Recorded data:
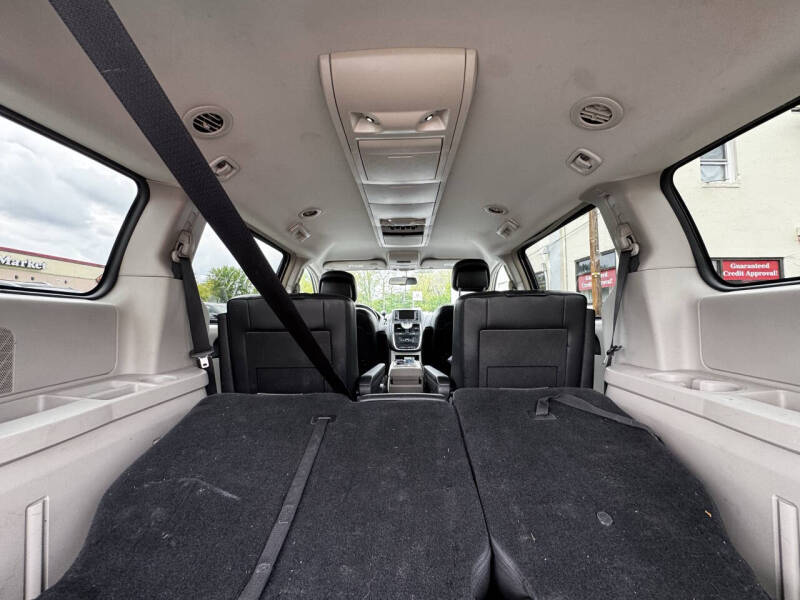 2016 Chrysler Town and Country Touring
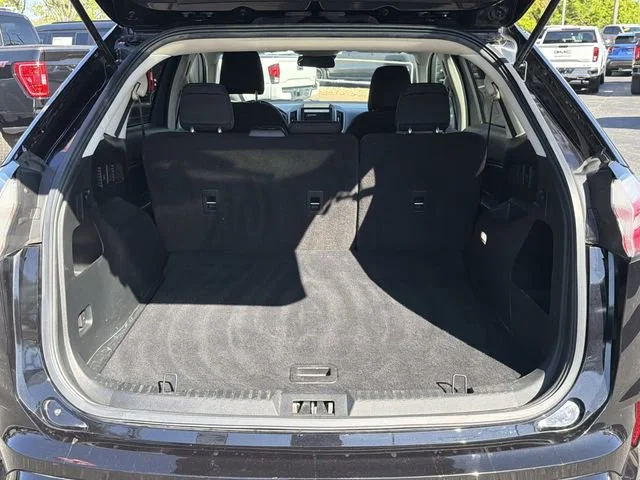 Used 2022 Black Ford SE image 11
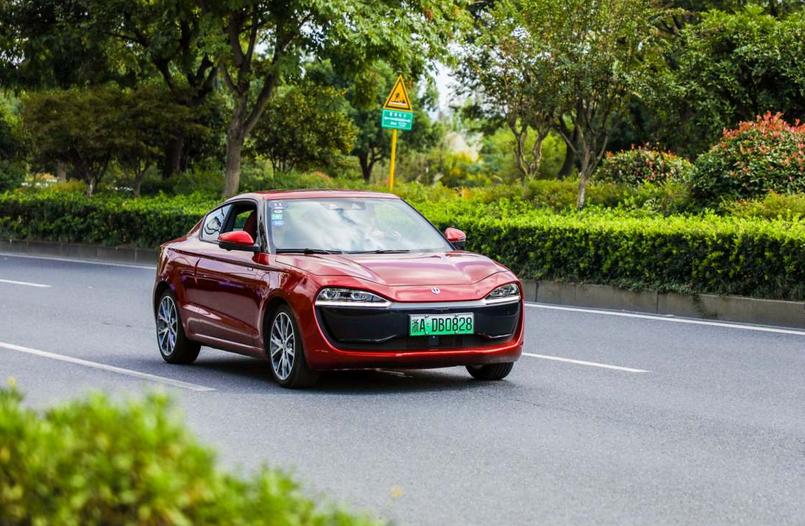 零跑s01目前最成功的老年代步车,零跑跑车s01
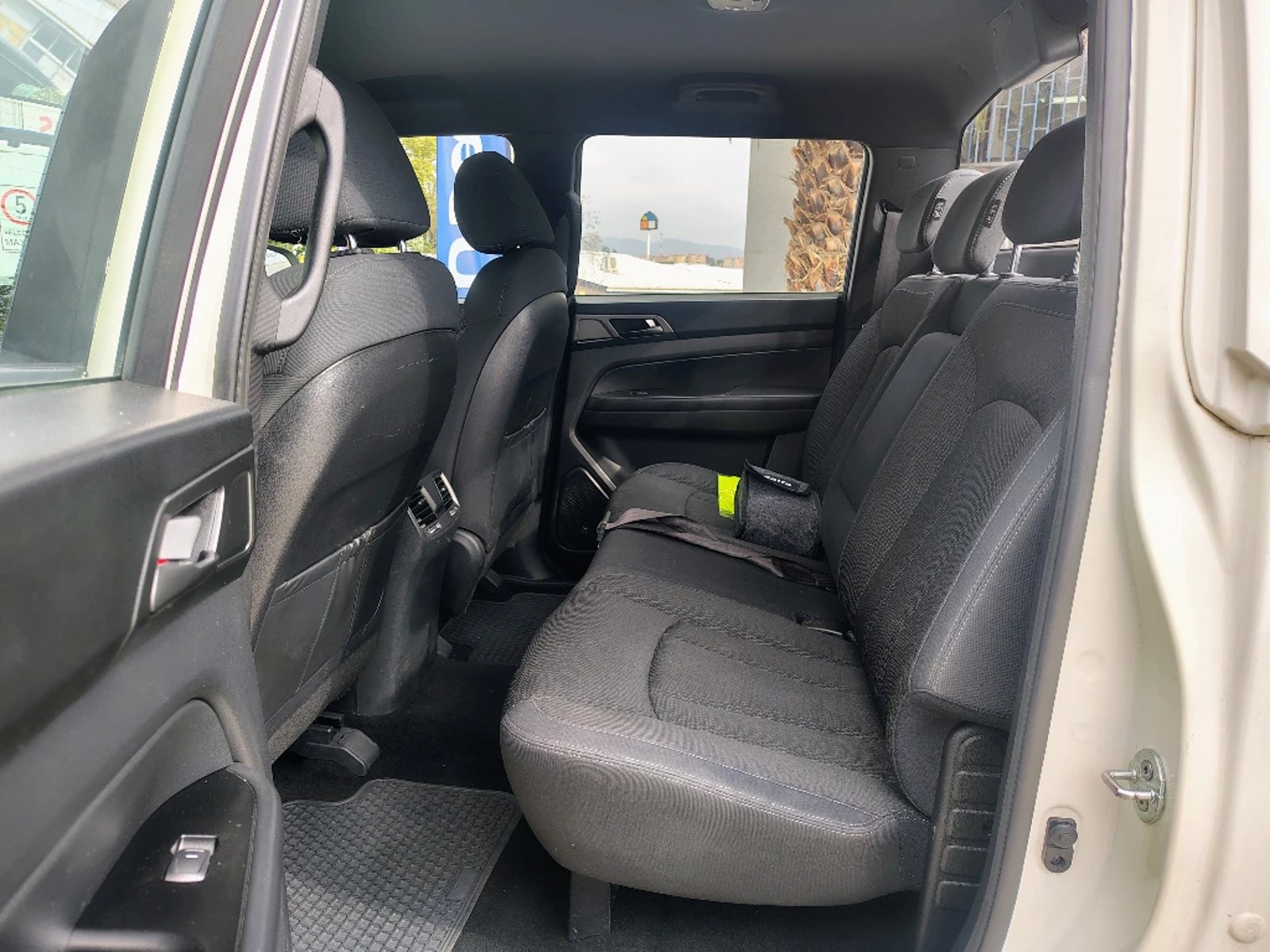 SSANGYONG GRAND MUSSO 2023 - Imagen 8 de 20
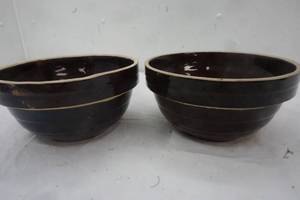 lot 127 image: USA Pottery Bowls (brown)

• [EXERCISE AIM] The answer must be an exact copy of the lines from the one with "SSANGYONG GRAND MUSSO 2023 - Imagen 8 de 20" through the final line above, both ends included, and nothing else; pictures stay out.

• [EXERCISE ANSWER]
 SSANGYONG GRAND MUSSO 2023 - Imagen 8 de 20
 lot 127 image: USA Pottery Bowls (brown)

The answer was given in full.